In the woods of central Maine, trees are gaining value by the minute, and lumber producers aren’t waiting a second. They are scrambling to expand production, build new facilities and hire more workers.
Lumber prices soared over sixty percent since early 2017, thanks to a perfect storm that hit Canadian supply. First tree-eating beetles, then forest fires, transportation issues involving a shortage of trucking and rail cars, and finally, last fall, U.S. duties imposed on Canadian lumber that amount to a 20 percent tax on the commodity.
It all adds up to opportunity in the eyes of Jason Brochu, co-president of Pleasant River Lumber, which operates two mills in Maine, employing 300 workers.

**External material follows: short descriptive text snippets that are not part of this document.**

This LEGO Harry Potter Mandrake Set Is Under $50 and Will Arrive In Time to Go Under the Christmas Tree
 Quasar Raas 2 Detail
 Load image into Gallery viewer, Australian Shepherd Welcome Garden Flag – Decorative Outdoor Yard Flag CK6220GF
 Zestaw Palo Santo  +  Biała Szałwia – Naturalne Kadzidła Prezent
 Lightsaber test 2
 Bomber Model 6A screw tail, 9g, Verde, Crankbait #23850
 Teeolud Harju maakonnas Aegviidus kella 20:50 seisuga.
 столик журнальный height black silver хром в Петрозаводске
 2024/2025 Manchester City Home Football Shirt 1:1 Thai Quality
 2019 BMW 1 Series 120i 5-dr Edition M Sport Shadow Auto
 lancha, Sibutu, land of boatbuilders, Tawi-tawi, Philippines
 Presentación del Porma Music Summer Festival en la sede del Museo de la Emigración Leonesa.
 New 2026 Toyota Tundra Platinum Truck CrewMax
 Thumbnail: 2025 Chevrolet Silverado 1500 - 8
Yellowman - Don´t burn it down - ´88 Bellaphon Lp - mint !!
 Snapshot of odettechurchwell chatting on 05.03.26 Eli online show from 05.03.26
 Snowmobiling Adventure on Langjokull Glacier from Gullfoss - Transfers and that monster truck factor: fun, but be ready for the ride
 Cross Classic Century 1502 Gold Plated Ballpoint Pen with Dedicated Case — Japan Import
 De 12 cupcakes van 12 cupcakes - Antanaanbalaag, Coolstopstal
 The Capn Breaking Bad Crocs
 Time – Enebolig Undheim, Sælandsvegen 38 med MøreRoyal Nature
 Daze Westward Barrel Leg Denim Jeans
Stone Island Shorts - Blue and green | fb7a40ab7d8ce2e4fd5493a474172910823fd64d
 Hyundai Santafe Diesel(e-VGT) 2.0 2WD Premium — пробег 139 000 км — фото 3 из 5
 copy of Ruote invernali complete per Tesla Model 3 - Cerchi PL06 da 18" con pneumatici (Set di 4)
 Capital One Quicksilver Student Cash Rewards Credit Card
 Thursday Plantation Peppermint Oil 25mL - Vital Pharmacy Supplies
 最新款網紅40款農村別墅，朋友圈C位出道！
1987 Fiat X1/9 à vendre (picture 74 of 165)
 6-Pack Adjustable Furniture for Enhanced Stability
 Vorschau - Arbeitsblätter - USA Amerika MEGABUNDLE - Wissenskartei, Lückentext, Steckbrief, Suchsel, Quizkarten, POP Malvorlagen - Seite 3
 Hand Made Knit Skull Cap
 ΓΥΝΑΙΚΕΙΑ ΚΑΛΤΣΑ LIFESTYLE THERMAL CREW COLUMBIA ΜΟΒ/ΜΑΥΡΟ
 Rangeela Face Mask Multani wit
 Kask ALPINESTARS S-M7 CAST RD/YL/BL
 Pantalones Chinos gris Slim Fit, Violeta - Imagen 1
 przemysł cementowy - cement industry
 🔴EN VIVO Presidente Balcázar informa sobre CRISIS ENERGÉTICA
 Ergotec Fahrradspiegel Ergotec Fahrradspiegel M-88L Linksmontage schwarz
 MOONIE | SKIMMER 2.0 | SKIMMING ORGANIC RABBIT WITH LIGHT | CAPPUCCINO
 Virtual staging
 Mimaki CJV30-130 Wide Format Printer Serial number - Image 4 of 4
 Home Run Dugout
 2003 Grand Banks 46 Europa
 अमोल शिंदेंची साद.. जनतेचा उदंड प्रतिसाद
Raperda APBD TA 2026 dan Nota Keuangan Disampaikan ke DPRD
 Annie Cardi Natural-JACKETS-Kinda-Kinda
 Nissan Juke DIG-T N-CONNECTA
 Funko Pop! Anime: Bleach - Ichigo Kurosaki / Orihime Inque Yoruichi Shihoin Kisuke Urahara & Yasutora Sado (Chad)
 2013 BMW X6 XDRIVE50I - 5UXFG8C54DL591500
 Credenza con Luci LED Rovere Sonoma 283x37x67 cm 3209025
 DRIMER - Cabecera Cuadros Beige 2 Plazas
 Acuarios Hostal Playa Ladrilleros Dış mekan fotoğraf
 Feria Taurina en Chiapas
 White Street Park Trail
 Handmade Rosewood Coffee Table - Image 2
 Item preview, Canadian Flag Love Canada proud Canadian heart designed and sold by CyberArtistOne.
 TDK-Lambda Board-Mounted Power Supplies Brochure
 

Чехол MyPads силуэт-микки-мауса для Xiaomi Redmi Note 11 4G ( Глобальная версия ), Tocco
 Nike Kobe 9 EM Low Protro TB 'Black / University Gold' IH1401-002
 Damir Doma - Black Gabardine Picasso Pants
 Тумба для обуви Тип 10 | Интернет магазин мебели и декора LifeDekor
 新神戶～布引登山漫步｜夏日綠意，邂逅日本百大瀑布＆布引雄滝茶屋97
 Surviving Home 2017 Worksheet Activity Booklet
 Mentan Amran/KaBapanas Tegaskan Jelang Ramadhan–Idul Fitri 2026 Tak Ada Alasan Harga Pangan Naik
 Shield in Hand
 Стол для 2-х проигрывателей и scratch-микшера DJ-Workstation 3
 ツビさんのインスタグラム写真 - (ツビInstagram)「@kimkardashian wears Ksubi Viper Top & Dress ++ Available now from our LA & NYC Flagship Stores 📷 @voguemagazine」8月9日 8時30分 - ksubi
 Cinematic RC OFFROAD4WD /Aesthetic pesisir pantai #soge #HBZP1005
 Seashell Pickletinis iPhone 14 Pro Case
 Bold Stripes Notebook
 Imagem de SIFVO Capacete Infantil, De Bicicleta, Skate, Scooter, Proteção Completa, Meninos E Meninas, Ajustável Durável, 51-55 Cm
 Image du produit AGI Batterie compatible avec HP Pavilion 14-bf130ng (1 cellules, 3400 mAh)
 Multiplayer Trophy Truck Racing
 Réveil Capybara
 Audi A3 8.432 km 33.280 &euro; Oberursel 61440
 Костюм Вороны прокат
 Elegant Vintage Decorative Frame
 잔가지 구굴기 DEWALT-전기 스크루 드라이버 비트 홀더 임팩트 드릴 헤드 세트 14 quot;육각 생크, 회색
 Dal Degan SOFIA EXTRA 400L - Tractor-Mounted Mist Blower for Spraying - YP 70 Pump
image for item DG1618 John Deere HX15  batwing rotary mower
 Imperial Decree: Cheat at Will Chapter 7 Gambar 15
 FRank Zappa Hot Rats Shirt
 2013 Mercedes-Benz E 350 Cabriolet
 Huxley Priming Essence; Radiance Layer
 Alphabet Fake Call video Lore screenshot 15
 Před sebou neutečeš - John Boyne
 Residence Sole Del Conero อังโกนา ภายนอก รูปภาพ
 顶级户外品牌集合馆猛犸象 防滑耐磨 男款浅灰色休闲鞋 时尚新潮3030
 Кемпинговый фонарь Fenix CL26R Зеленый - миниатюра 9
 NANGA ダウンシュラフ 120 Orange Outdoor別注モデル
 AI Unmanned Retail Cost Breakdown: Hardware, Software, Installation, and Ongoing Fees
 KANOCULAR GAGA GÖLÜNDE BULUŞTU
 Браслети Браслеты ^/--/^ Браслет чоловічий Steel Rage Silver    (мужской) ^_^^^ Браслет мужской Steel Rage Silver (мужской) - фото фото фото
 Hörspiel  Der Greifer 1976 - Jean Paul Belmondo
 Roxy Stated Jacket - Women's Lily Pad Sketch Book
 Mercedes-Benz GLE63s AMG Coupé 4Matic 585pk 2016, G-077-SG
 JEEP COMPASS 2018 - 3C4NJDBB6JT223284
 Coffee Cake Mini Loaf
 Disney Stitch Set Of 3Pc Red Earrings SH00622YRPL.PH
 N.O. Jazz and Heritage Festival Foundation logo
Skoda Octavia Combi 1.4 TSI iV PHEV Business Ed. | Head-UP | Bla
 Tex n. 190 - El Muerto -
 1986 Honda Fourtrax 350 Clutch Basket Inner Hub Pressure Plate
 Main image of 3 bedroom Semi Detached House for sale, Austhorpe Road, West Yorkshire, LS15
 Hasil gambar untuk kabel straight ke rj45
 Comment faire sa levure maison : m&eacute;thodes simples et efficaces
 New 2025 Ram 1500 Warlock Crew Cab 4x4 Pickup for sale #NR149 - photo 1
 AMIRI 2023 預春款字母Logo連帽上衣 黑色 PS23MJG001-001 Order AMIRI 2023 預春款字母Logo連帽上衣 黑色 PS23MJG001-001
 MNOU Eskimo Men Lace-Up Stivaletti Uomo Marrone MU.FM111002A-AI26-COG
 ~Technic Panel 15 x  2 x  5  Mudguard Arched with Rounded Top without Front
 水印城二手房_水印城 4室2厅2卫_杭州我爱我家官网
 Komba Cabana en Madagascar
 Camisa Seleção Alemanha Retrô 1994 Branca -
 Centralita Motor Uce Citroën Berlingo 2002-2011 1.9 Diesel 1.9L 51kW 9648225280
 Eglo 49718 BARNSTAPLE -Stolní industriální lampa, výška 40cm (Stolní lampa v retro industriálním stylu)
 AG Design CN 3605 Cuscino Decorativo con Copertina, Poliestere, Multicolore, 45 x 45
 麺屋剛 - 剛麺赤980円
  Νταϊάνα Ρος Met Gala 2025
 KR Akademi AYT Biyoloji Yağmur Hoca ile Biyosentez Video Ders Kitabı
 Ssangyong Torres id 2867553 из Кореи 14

“I think with the duties that are in place, that’s given us a level of confidence that we didn’t have before, and with a level playing field, looking ahead, the confidence we’re at, we’re able to expand and produce more lumber,” said Brochu.
The plan, he said, is to invest $20 million in the company over the next two years, increase production by 50 percent and add up to 40 new jobs. A large dirt pit is already forming near the current mill in Dover-Foxcroft, as workers blast open new ground for additional equipment and machinery.
“You’re seeing it throughout the country where mills are expanding, or building new mills, and our industry is starting to grow to meet the increase in the demand,” said Brochu.